By the way, this method which I am trying works correctly when calculating the number of ways of dealing a full house, so why doesn't it work here?

Any help would be greatly appreciated.
 

Jomo

Elite Member
Joined
Dec 30, 2014
Messages
3,326
I am doing something wrong, when trying to calculate the number of hands that can be drawn, when dealing two pairs in a poker game, but can't see what it is, so I would appreciate being shown where my mistake is and--most importantly--WHY I am wrong, because I just can't see anything wrong with the way that I am doing it. My erroneous answer is exactly double what it should be, so I must be counting things twice.

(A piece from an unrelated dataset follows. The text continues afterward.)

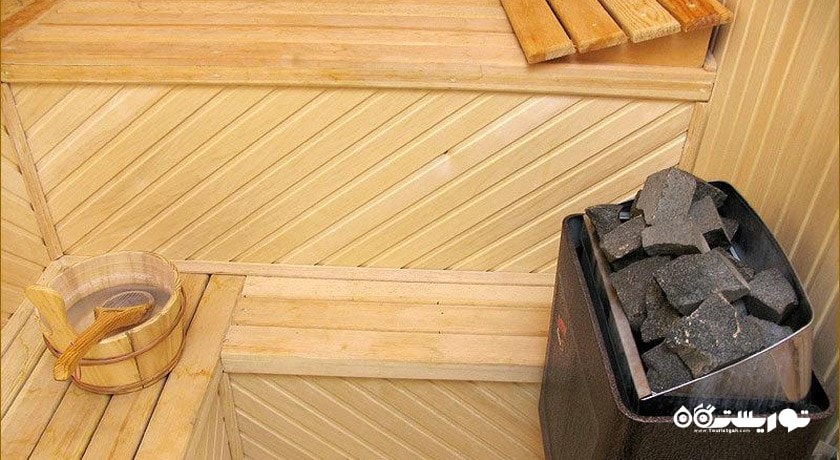 سونا خشک مرکز سلامتی و اسپا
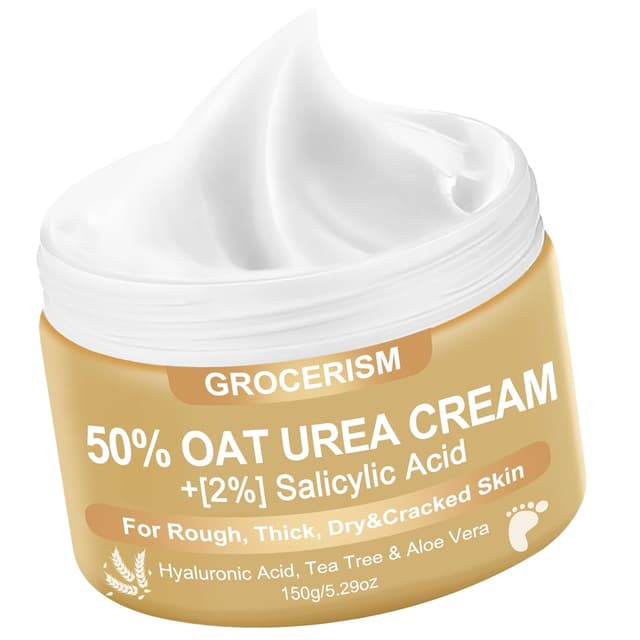Thumbnail 6 de Grocerism Urea Creme 50 % für Füße (Maximale Stärke) mit 2 % Salicylsäure, 150 g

Here is what I have (incorrectly) tried:

a. For the first pair, I choose one rank/denomination, then two suites: (13C1)(4C2)
b. Then, for the second pair, I again choose one rank/denomination from the remaining 12, then two suites: (12C1)(4C2)
c. Then, for the fifth card, I choose one rank/denomination from any of the remaining ranks/denominations, then one suite: (11C1)(4C1)
d. Finally, turning the crank, I get [(13C1)(4C2)][(12C1)(4C2)][(11C1)(4C1)] = (13)(6)(12)(6)(11)(4) = 247,104.

But the right way to do it is to choose both of the pairs' ranks/denominations simultaneously, like this:

[(13C2)(4C2)(4C2)][(11C1)(4C1)] = (78)(6)(6)(11)(4), which = 123,552.

Why do I have to choose both ranks/denominations at the same time, to start? What is wrong with my way of doing it?

By the way, this method which I am trying works correctly when calculating the number of ways of dealing a full house, so why doesn't it work here?

Any help would be greatly appreciated.
1st you picked one denomination and then you picked a 2nd. Suppose you 1st picked 7 and then you picked K. Alternatively you could have picked the 1st denomination to be a K and the 2nd to be a 7. You see your method is double counting. However if you pick 2 different denomination from the 13 denominations available you have no double counting.

Note that using your method you did not have any trouble with picking the lone denomination card after picking the 2 denominations for the pairs (you had trouble with the way you picked the two pairs!). This is why you had no trouble with the full house. You picked one denomination for the 3 of a kind and one denomination for the 2 of a kind.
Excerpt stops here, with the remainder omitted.